- [REQUIRED WORK]
Your task is to repeat all of the data exactly while excluding the pictures.

- [DATA SHOWN]
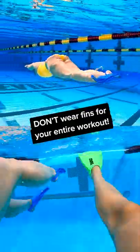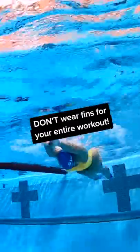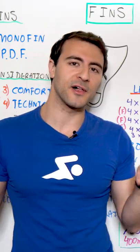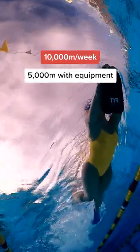I have this fun 50% capacity rule. This applies for all equipment — not necessarily fins — but you want to think about it on a weekly basis, where all of your equipment use is less than 50% of the total volume of your training. For example, if you swim 10,000 meters per week, ideally 5,000 meters or less is with equipment.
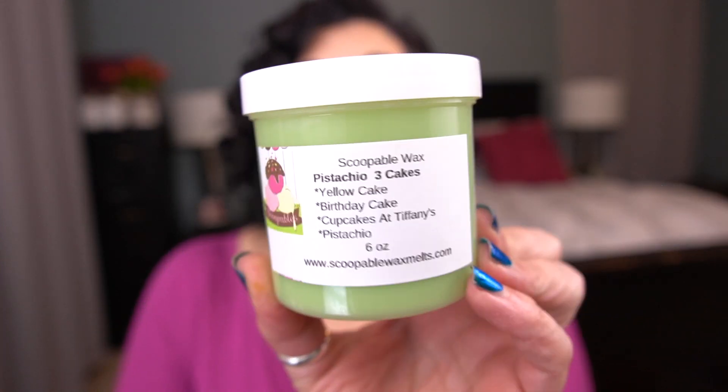The first one I have is pistachio three cakes. Her three cakes blend is yellow cake, birthday cake, and cupcake at Tiffany's, and this is blended with pistachio. She's Jenny from Jenny Oaks from Rose Girls — her mother. And this is definitely the cherry note that I get from Rose Girls pistachio, but it is so good. This three cakes blend is amazing. Oh, I love that. I know she's doing a three cakes pre-order in January, which is amazing.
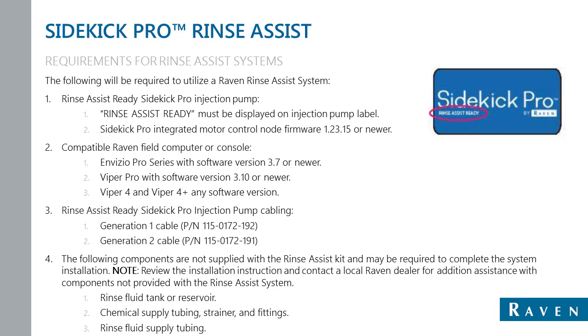The Rinse Assist pump needs to say 'Rinse Assist Ready' on the sticker. When running a Raven CAN Sidekick Pro, look for that tag that says Rinse Assist Ready. Also, the firmware version needs to be 1.23.15 or newer. Compatible fill computers that work with Rinse Assist Ready systems are the Envizio Pro with software version 3.7 or newer, Viper Pro with software version 3.10 or newer, and all Viper 4 and Viper 4 Plus fill computers.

- [SOLUTION]
I have this fun 50% capacity rule. This applies for all equipment — not necessarily fins — but you want to think about it on a weekly basis, where all of your equipment use is less than 50% of the total volume of your training. For example, if you swim 10,000 meters per week, ideally 5,000 meters or less is with equipment.
The first one I have is pistachio three cakes. Her three cakes blend is yellow cake, birthday cake, and cupcake at Tiffany's, and this is blended with pistachio. She's Jenny from Jenny Oaks from Rose Girls — her mother. And this is definitely the cherry note that I get from Rose Girls pistachio, but it is so good. This three cakes blend is amazing. Oh, I love that. I know she's doing a three cakes pre-order in January, which is amazing.
The Rinse Assist pump needs to say 'Rinse Assist Ready' on the sticker. When running a Raven CAN Sidekick Pro, look for that tag that says Rinse Assist Ready. Also, the firmware version needs to be 1.23.15 or newer. Compatible fill computers that work with Rinse Assist Ready systems are the Envizio Pro with software version 3.7 or newer, Viper Pro with software version 3.10 or newer, and all Viper 4 and Viper 4 Plus fill computers.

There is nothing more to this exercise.